Die Fliehkräfte werden jetzt aber immer bedrohlicher. Wie erklären Sie sich das?
Wir befinden uns in einem Teufelskreis. Wegen der schlechten Stimmung gegenüber der EU ist die Reformfähigkeit abhanden gekommen. Eine an sich notwendige Vertragsreform würde an negativen Referenden scheitern und wird daher ständig verschoben. Mangels wirklicher Reformen geht das Durchwursteln weiter ohne tragfähige Ergebnisse. Und damit geht wieder weitere Unterstützung für die EU in der Bevölkerung verloren.
Welche Entwicklung ist besonders gefährlich?
Die Veränderung der politischen Landschaft, die sich auch in den wichtigen Wahlen in Frankreich, Deutschland und den Niederlanden im Jahr 2017 bestätigen könnte. Anti-europäische und xenophobe politische Parteien gewinnen überall an Boden. Sie werden zwar in der Minderheit bleiben.

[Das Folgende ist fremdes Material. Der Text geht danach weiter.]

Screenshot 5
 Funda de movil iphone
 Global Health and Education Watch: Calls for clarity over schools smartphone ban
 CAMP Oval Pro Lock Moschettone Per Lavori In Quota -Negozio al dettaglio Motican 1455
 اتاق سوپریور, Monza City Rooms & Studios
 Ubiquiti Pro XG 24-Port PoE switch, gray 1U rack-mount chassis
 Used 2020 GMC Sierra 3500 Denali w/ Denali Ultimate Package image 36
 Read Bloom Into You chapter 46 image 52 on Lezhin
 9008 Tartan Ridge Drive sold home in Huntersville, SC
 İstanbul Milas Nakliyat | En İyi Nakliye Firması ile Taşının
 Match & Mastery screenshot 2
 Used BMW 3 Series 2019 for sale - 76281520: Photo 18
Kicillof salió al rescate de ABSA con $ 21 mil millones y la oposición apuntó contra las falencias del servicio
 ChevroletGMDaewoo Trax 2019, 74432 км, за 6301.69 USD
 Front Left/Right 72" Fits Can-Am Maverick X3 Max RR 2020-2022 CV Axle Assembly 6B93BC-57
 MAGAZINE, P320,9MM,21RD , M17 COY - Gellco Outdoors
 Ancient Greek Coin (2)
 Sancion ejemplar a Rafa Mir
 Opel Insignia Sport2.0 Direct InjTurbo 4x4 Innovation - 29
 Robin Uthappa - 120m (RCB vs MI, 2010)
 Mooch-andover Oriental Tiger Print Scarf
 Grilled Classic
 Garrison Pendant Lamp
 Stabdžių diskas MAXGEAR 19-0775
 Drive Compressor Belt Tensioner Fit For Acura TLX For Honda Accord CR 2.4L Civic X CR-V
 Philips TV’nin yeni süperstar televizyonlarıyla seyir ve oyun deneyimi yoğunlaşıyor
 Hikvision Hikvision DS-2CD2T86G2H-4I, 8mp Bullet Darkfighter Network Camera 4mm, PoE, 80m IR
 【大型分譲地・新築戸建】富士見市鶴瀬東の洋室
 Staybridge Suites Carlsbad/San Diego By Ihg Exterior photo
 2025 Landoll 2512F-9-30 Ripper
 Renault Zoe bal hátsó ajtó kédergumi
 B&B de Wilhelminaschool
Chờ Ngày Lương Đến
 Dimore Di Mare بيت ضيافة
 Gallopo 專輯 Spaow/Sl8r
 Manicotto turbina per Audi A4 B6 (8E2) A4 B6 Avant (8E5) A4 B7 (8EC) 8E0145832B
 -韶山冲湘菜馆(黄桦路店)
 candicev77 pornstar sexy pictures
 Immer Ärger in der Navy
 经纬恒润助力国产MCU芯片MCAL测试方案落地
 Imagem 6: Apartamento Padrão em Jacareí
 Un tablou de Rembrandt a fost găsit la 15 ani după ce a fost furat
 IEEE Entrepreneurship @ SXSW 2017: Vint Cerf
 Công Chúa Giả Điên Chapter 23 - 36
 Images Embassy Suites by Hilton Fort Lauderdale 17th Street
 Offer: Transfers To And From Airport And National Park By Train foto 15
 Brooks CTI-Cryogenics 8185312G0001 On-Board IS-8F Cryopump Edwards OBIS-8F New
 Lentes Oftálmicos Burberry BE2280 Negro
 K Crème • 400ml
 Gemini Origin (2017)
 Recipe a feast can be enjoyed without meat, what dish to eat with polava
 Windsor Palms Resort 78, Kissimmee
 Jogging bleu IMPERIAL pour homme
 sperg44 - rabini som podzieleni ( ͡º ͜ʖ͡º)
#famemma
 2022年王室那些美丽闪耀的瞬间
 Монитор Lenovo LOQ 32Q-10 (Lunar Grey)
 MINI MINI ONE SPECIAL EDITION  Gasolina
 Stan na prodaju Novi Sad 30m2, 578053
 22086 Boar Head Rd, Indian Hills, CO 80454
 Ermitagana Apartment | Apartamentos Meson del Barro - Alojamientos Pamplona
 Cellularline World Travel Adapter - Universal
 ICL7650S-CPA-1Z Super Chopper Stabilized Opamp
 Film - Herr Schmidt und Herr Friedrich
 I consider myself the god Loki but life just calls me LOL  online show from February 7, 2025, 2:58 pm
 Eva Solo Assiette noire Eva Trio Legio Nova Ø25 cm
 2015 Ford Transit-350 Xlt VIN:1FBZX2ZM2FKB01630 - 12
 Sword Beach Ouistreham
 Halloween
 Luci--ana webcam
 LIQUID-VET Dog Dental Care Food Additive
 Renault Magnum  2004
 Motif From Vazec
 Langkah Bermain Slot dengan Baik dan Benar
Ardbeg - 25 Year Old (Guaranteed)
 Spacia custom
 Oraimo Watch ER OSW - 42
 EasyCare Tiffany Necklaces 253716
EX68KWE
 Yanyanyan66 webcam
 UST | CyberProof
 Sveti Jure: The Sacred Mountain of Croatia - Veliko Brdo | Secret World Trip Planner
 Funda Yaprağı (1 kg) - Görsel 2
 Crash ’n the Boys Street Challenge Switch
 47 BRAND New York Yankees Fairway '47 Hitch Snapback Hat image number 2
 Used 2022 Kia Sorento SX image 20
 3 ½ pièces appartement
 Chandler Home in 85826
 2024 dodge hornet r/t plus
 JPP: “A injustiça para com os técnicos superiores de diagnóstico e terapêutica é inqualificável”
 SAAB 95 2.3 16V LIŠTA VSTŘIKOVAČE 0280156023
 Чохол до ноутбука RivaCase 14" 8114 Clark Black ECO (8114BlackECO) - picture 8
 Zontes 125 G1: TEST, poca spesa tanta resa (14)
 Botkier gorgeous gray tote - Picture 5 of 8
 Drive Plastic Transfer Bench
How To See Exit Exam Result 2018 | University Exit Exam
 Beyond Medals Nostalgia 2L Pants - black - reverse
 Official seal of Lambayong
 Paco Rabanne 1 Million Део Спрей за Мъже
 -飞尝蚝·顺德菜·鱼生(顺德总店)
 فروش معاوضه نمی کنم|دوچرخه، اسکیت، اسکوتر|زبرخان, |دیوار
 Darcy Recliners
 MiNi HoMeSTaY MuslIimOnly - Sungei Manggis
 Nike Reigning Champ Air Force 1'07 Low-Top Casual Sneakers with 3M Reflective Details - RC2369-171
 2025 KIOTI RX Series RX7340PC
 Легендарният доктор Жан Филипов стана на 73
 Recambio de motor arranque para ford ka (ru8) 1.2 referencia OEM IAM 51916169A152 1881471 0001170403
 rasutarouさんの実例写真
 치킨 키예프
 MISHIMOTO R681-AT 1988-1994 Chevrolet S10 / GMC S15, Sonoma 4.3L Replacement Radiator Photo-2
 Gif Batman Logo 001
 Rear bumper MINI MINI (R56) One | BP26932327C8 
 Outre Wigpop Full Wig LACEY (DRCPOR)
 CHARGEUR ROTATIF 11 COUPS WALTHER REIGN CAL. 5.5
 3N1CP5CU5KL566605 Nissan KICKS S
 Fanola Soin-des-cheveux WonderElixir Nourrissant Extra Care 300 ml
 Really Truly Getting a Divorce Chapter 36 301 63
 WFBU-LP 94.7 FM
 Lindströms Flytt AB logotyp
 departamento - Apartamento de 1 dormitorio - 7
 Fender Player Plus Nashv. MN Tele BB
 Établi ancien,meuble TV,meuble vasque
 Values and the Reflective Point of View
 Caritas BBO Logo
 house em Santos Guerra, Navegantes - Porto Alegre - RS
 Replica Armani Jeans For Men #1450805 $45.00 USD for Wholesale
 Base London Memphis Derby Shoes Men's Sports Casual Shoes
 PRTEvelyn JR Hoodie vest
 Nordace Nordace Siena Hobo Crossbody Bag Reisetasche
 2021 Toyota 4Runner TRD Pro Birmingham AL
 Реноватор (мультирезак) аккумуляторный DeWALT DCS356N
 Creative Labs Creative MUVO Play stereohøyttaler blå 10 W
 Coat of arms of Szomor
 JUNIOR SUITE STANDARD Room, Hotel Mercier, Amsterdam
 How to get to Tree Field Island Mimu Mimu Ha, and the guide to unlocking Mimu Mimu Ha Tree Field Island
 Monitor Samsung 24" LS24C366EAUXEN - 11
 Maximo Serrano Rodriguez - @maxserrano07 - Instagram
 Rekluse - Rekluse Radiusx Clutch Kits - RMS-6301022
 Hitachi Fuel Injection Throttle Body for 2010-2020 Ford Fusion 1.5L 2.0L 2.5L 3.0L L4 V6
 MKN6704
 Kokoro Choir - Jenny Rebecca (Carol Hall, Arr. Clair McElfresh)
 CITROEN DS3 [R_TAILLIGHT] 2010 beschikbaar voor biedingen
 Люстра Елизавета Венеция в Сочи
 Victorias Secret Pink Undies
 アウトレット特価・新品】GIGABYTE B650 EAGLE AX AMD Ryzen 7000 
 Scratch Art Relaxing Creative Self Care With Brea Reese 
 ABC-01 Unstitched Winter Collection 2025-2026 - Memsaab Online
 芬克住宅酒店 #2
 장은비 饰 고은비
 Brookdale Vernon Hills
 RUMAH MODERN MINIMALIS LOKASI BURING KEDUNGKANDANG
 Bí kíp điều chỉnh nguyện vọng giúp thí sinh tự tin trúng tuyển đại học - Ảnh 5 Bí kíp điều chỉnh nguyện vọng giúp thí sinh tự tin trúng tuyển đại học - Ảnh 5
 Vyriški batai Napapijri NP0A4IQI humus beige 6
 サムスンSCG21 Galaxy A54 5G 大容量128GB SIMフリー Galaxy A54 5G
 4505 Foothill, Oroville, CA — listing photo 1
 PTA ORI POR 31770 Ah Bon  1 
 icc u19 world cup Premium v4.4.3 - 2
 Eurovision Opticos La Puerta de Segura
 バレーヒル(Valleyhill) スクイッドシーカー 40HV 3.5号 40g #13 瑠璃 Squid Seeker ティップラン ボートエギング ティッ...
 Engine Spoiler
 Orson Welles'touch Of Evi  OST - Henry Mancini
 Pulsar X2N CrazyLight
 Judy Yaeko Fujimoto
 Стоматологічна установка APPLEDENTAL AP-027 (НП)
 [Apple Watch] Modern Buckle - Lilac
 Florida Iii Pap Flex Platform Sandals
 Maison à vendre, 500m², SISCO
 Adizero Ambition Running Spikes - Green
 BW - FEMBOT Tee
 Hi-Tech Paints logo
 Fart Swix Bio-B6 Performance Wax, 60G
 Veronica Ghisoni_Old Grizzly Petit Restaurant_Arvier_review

Aber aus Angst vor dieser Konkurrenz sind auch die traditionellen Mitte-rechts- und Mitte-links-Parteien zu EU-Skeptikern und Re-Nationalisierern geworden. Und das ist die wirkliche Gefahr.
Wird der Brexit die EU zerreißen?
Der Brexit ist ein großer Rückschlag, aber keine existenzielle Bedrohung für die EU. Großbritannien war aufgrund seiner zahlreichen Ausnahmeregelungen schon bisher nur teilweise dabei. Interessanterweise ist nach dem britischen Referendum die Zustimmung zur EU-Mitgliedschaft auf dem Kontinent gestiegen. Die Scheidungsverhandlungen mit Großbritannien dürften aber zu einer großen Belastung für die EU werden.
Auch am Kontinent fordern viele den EU-Austritt.
Ein Verlust der EU und eine Rückkehr zu 28 nationalen Märkten würde die wirtschaftliche Vernetzung und die transnationalen Produktionsketten zerstören, auf denen der Wohlstand Europas beruht. Es würde auch die Konkurrenz und Feindseligkeit unter den europäischen Ländern zunehmen. Das wäre eine politische und wirtschaftliche Katastrophe erster Ordnung. Es gibt keine sinnvolle Alternative zur Weiterführung der europäischen Integration, die allerdings reformiert und bürgernäher gestaltet werden muss. Trotz aller Krisen und Rückschläge bin ich zuversichtlich, dass sich letztlich die Vernunft durchsetzen wird.